Metaphone analyzer being too ambigous

Hi,
I am currently using the Metaphone analyzer and it is acting too ambiguous. For example, here is the result for Murder using the _analyze API.

{
    "tokens": [
        {
            "token": "MRTR",
            "start_offset": 0,
            "end_offset": 8,
            "type": "<ALPHANUM>",
            "position": 0
        }
    ]
}

Now, If I search for Mehtrotra, the result is same, although the phonetics (pronounciations )of both are radically different. How do I make do of this?

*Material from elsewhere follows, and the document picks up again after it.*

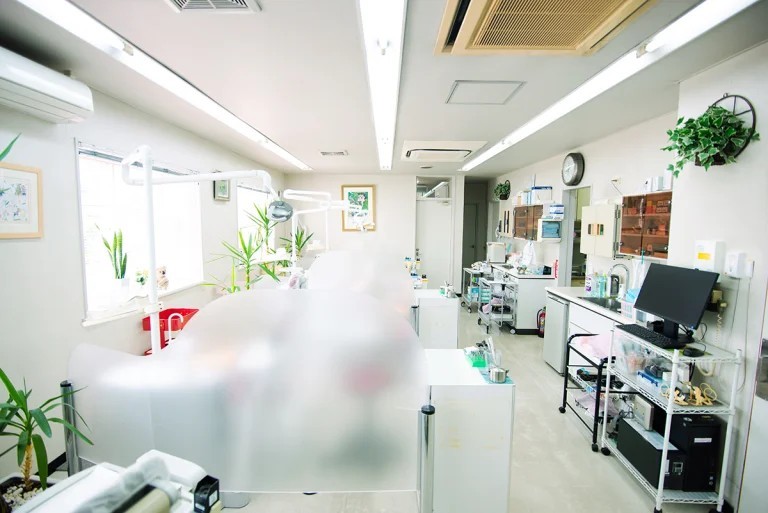 ①外観②待合室③診療室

Here is the settings I used while setting up the index:

{
    "settings": {
        "index": {
            "analysis": {
                "analyzer": {
                    "my_analyzer": {
                        "tokenizer": "standard",
                        "filter": [
                            "lowercase",
                            "my_metaphone"
                        ]
                    }
                },
                "filter": {
                    "my_metaphone": {
                        "type": "phonetic",
                        "encoder": "metaphone",
                        "replace": true
                    }
                }
            }
        }
    },
    "mappings": {
        "properties": {
            "author": {
                "type": "text",
                "analyzer": "my_analyzer"
            },
            "bench": {
                "type": "text",
                "analyzer": "my_analyzer"
            },
            "citation": {
                "type": "text"
            },
            "court": {
                "type": "text"
            },
            "date": {
                "type": "text"
            },
            "id_": {
                "type": "text"
            },
            "verdict": {
                "type": "text"
            },
            "title": {
                "type": "text",
                "analyzer": "my_analyzer",
                "fields": {
                    "standard": {
                        "type": "text"
                    }
                }
            },
            "content": {
                "type": "text",
                "analyzer": "my_analyzer",
                "fields": {
                    "standard": {
                        "type": "text"
                    }
                }
            }
        }
    }
}

Thanks,

Can someone please answer this? Thanks.

Read this and specifically the "Also be patient" part.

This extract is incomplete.